NOVA Online (see text links below)
Fire Wars

Frost filming With flames licking up a stand of black spruce nearby, NOVA director of photography Jon Else lets the camera roll in the Alaskan backcountry.
The Producer's Story
Or, How I Came to Break the First Rule of Wildland Firefighting

by Judith Vecchione

"What's going to happen?"

It's one of those obvious questions a producer always asks. You film the person answering the question, making a prediction. Then you keep filming, and you and the audience find out if the prediction comes true. It can be a wonderful set-up for the drama and tension of the story.

The only problem was that, very early in the filming of the NOVA program "Fire Wars," it became clear that one thing no one in the fire profession will do is predict anything. It's almost the first rule of wildland firefighting. "What do you think this fire season will be like?" you ask. "When will you get control of this fire?" "Can you stop the fire here?" No answers.

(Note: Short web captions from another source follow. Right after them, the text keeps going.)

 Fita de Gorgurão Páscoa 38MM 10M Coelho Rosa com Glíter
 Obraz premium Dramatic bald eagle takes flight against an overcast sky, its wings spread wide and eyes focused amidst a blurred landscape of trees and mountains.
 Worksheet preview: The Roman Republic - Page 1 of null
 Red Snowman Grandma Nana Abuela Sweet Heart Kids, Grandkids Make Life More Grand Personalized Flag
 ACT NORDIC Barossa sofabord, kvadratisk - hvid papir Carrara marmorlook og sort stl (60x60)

Even in the middle of a planned fire experiment, you might ask, "Okay, today went well, so what do you think tomorrow will be like?" No answers.

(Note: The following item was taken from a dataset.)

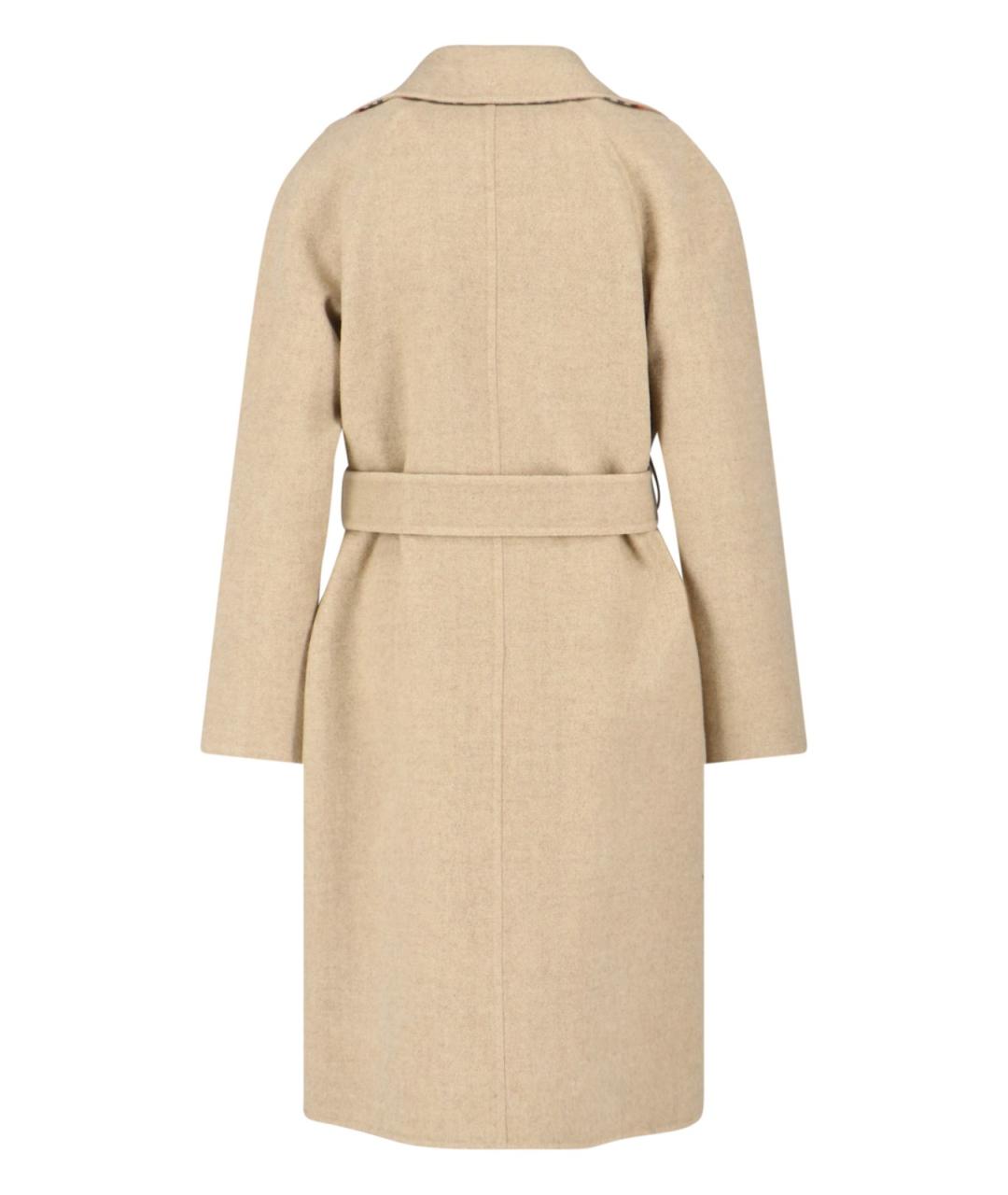 BURBERRY Бежевое шерстяное пальто, фото 4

Filming the Hotshots Arrowhead Hotshot Bryan Baxter demonstrates how to break down a collapsible shovel.
The people I asked were not being difficult. In fact, some of them, such as Brit Rosso, Superintendent of the California-based Arrowhead Hotshots, one of 70 crack wildland firefighting units in the United States, were incredibly helpful to our film project. Early on, Rosso agreed to allow NOVA to accompany him and his crew on the fireline. This meant he was taking on responsibility for our safety in the field.

The lack of answers was also not due to ignorance. With the help of detailed scientific studies and new computer models, fire managers know a lot about fires and fire behavior. This knowledge reaches down to the firelines. It's common now, for example, to see firefighting crews like the Arrowheads using handheld Global Positioning System devices in the wilderness to correlate fire conditions they see on the ground with information coming from helicopter pilots flying overhead.

My sense is that fire professionals shy away from predictions for two reasons. The first is, as with many people in high-risk professions, wildland firefighters share a kind of cultural modesty, an unwillingness to look as if they are boasting. They are more Chuck Yeager in "The Right Stuff" than Tom Cruise in "Top Gun."

The other reason is that fire managers know only too well how utterly unpredictable wildfire can be, despite their best knowledge.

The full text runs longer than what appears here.